4 minutes
How jemalloc solves SMP — simplified
Lately I’ve been going through Redis internals, trying to figure out how Redis works under the hood and implement the same brick by brick locally myself. During this I found out that Redis re-implements malloc for its own use case, and further that Redis uses jemalloc instead of malloc.
I got curious as to why? What jemalloc was, what it does, and how it improves over our all-knowing classic malloc.
As I dug deeper into jemalloc I found this really great talk on jemalloc by its creator. Give it a watch if you’re curious about jemalloc as well. Although that talk was more focused on dirty page management and how there was a time they thought async clock-based dirty page purging could improve jemalloc. But that’s a discussion for some other day.
In this write-up I want to simplify the solution that jemalloc comes up with for the SMP scalability issue with malloc.
What is SMP scalability?
To quote the standard explanation:
Symmetric Multiprocessing (SMP) refers to computer architectures where two or more identical processors connect to a single shared main memory and are controlled by a single operating system. SMP scalability is the measure of how well an application’s performance improves as you add more of these processors (or cores) to the system.
Now onto the SMP scalability issue. In a perfectly scalable system, running a program on 16 cores would be exactly 16 times faster than running it on 1 core. In reality, software rarely scales perfectly. As you add more cores, the threads running on them inevitably have to share resources or communicate with one another. To prevent data corruption, software uses locks, mutexes, or atomic operations to ensure only one thread modifies a shared resource at a time.
The SMP scalability issue arises when contention occurs. Multiple active processors sit idle, waiting in line for a lock to be released by another processor. As you add more cores, the line gets longer, the waiting increases exponentially, and the system can actually slow down despite having more hardware.
So how does malloc suffer from the SMP scalability issue?

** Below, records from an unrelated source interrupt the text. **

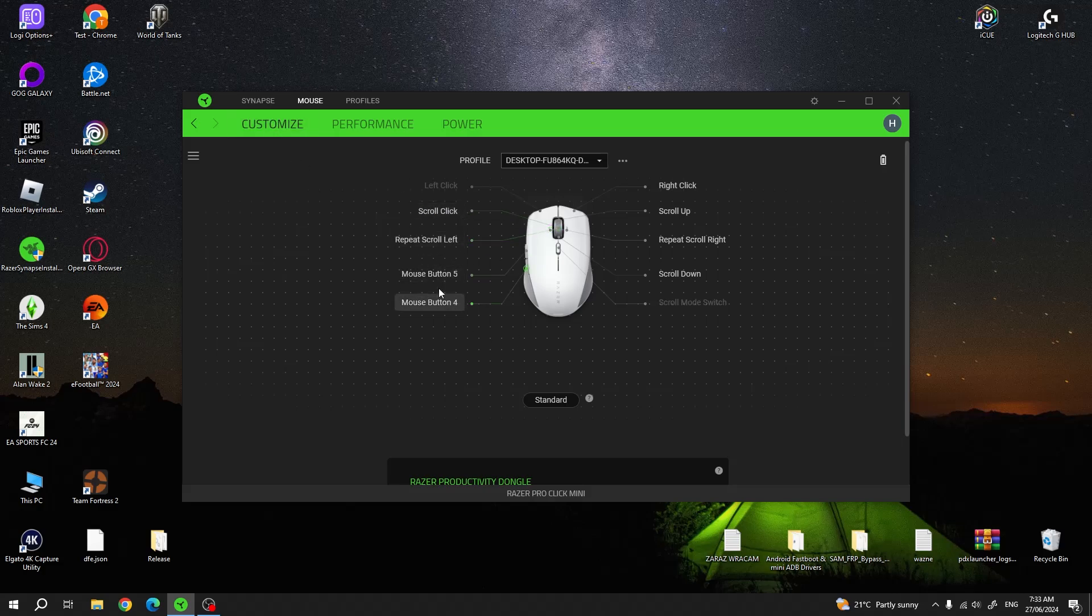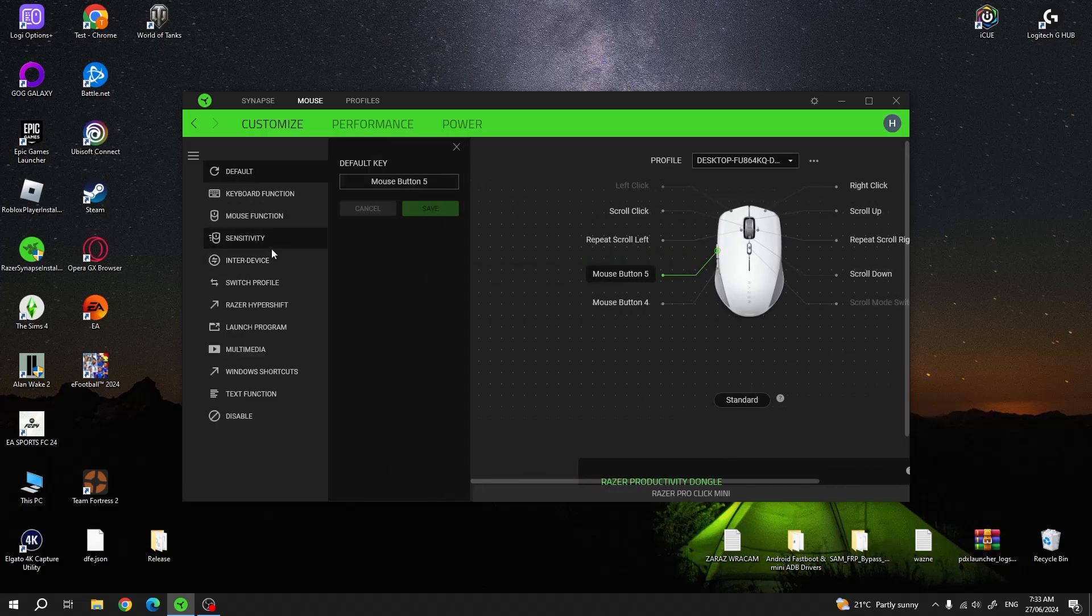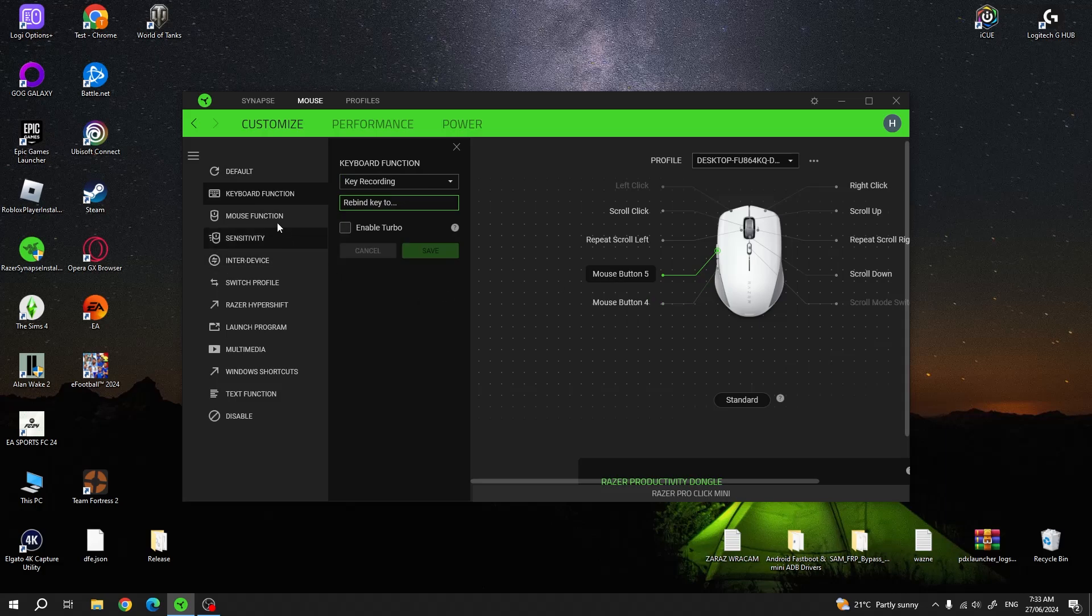In this case we can go for button number five, and then on the left you can find a panel with all of the functions you can assign to that button. Choose whichever function you like.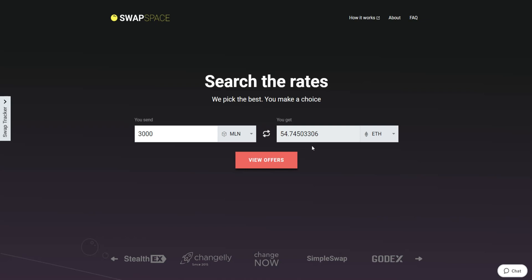Be sure that you are not sending the amount less than the minimum one, because there is a minimum amount for every exchange. After that, press the View Offers button.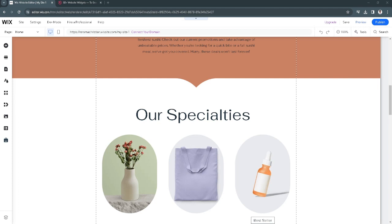In this video, I'm going to show you how to add a visitor counter to your Wix website. Please watch the video until the end and follow this tutorial step-by-step to avoid making mistakes. Let's get started.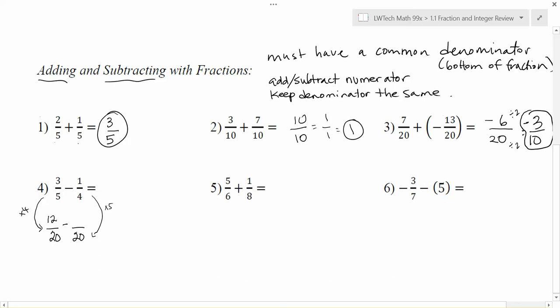There was a subtraction between them. To get from four to twenty I multiply by five, so I multiply the top by five as well: one times five gives me five. Now I have an equivalent subtraction problem with a common denominator. Subtract the tops: twelve minus five gives me seven, and keep the denominator, twenty. Nothing goes into both seven and twenty, so my final solution is seven over twenty.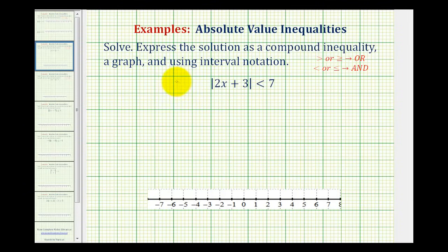In this video, we'll take a look at solving two absolute value inequalities. We'll express each as a compound inequality, a graph, and using interval notation.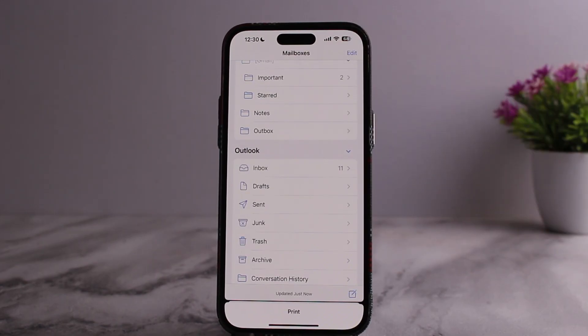Then simply tap on Done. This is how you can easily delete a mailbox on iPhone. Hope this helps you. Do like and subscribe, and do not forget to leave a comment down below if you have any further issues.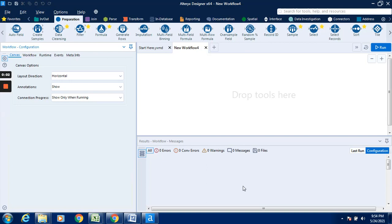Hi guys, in this video we will see an exercise on Alteryx. The objective of this exercise is how to rename a column with the help of the select tool instead of the field tool.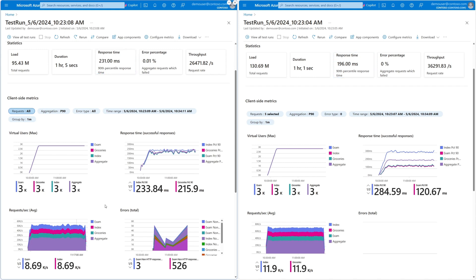I was able to take an existing application and quickly port it to our ARM-based VMs. Then, using our latest version 6 Cobalt 100 SKUs, I was able to achieve higher performance and lower latency compared to the previous generation version 5 SKUs with no additional optimization or code changes.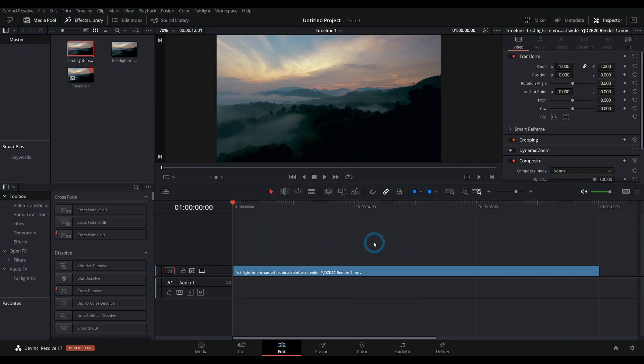All right, so here I am in Resolve 17. Let's look at a couple different ways to add text. The very first, most basic, easy way to do it is just with a simple text effect.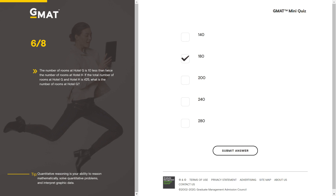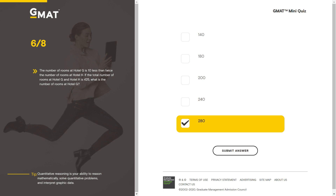Adding 10 to both sides: 3H = 435, so H = 145. Plugging back into G + H = 425: G + 145 = 425, so G = 280. Hotel G has 280 rooms. This is a relatively simple simultaneous equations question — if it was hard to follow without visuals, re-watch or check my separate video on simultaneous equations where I work through many questions on screen with full algebra.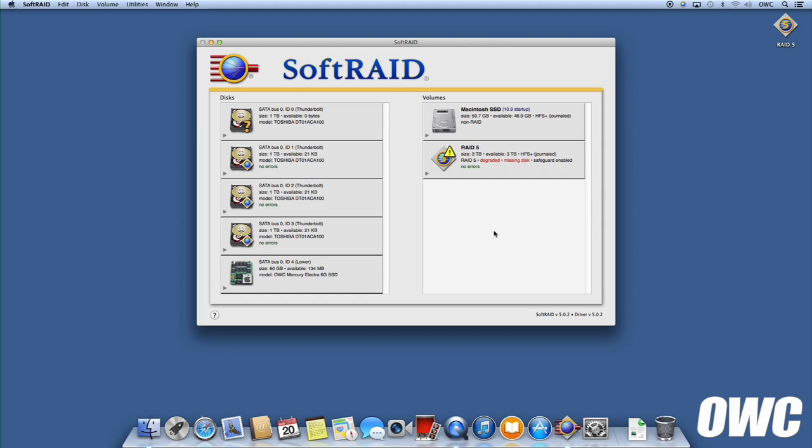You'll see that now your RAID volume is missing a disk. That's fine. That's the disk we removed. You'll also notice that there's a drive with a question mark badge. This is the brand new drive we just installed. We need to add this new drive to our array to replace the one we removed.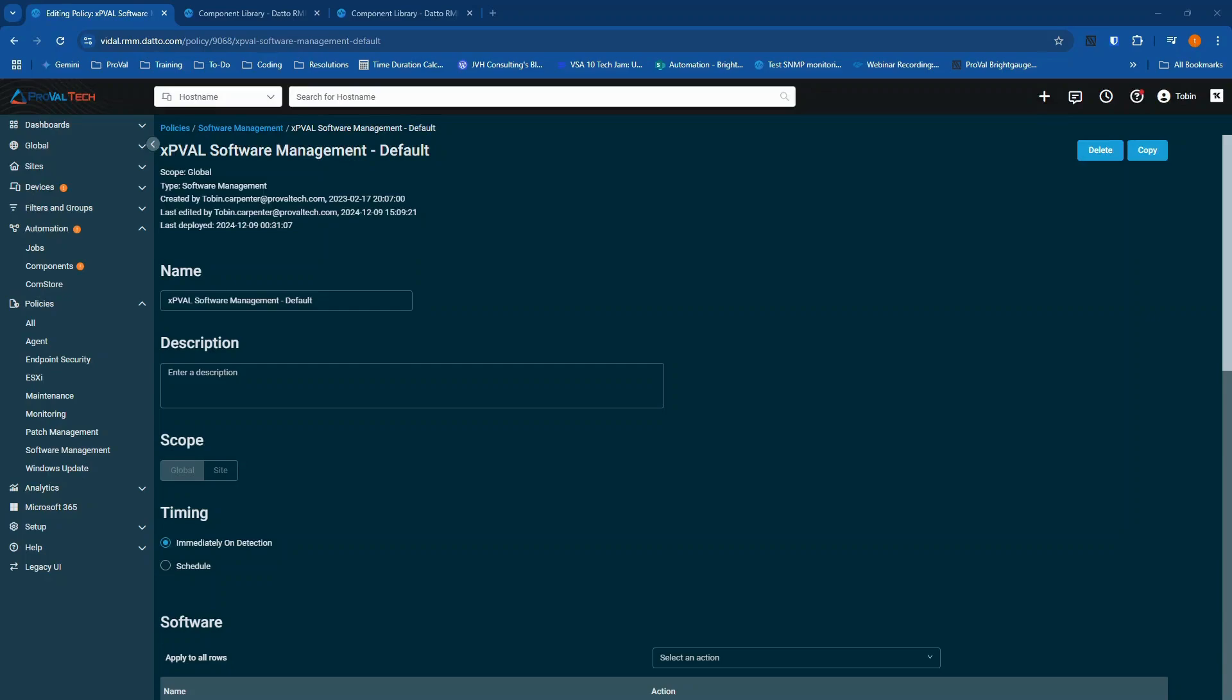Software management policies are used to perform third-party patching, and recently I've been noticing a low compliance score for software management for many environments. After some research, I've determined that the most common applications that are not compliant are Office and Chrome due to how often they are updated.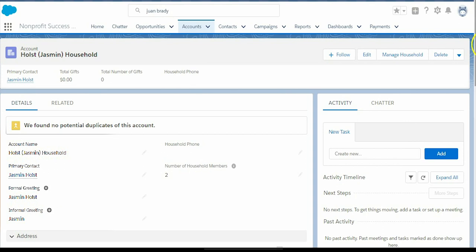One thing to note, if the deceased contact is the only member of a household, or all other members of the household are also deceased, the household name will not change.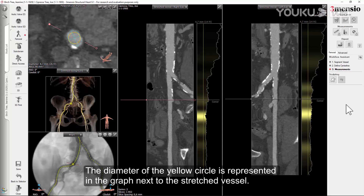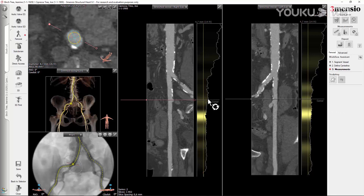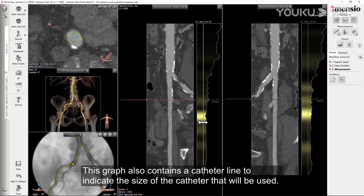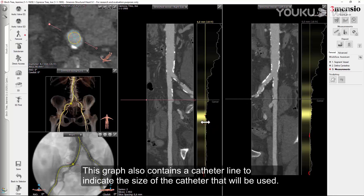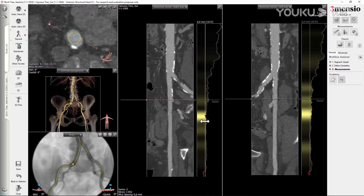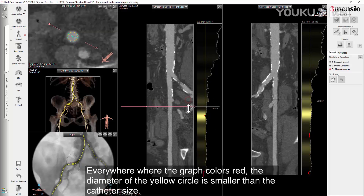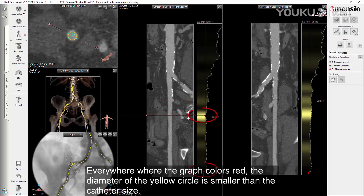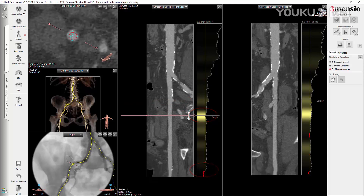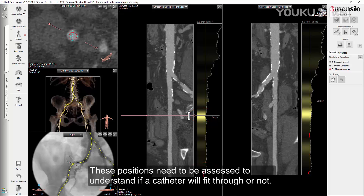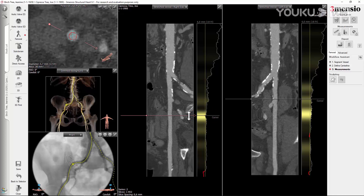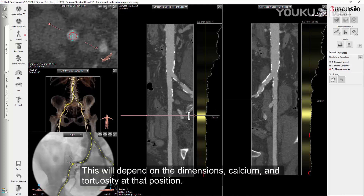The yellow circle mimics a catheter. The diameter of the yellow circle is represented in the graph next to the stretch vessel. This graph also contains a catheter line to indicate the size of the catheter that will be used. Everywhere where the graph colors red, the diameter of the yellow circle is smaller than the catheter size. These positions need to be assessed to understand if a catheter will fit through or not, depending on the dimensions, calcium, and tortuosity at that position.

In older operating systems, standard malloc implementations acted like a single, massive pool of memory. If you had a heavily multi-threaded application, every single thread essentially had to wait in line for a global lock just to ask for memory. This lack of SMP scalability meant that as you added more cores, the system would actually grind to a halt due to constant contention.
Okay, how does jemalloc solve this then?
To fix this, jemalloc introduces arenas. Arenas are completely disjoint, independent memory allocators. Instead of fighting over one global lock, jemalloc can route different threads to different arenas, allowing multiple CPUs to allocate and free memory simultaneously.
Furthermore, threads don’t even talk directly to the arena for every allocation. They pull batches of memory into their own private thread caches. In its steady state, jemalloc can handle most allocations entirely lock-free without any atomic operations, an absolute necessity for high-performance servers.
This write-up does not go into the depth of how arenas are managed, or the structure of an arena and how it acts independently as a memory allocator, but it tries to simplify the concept for easier understanding.
Source & further reading: the jemalloc repository on GitHub.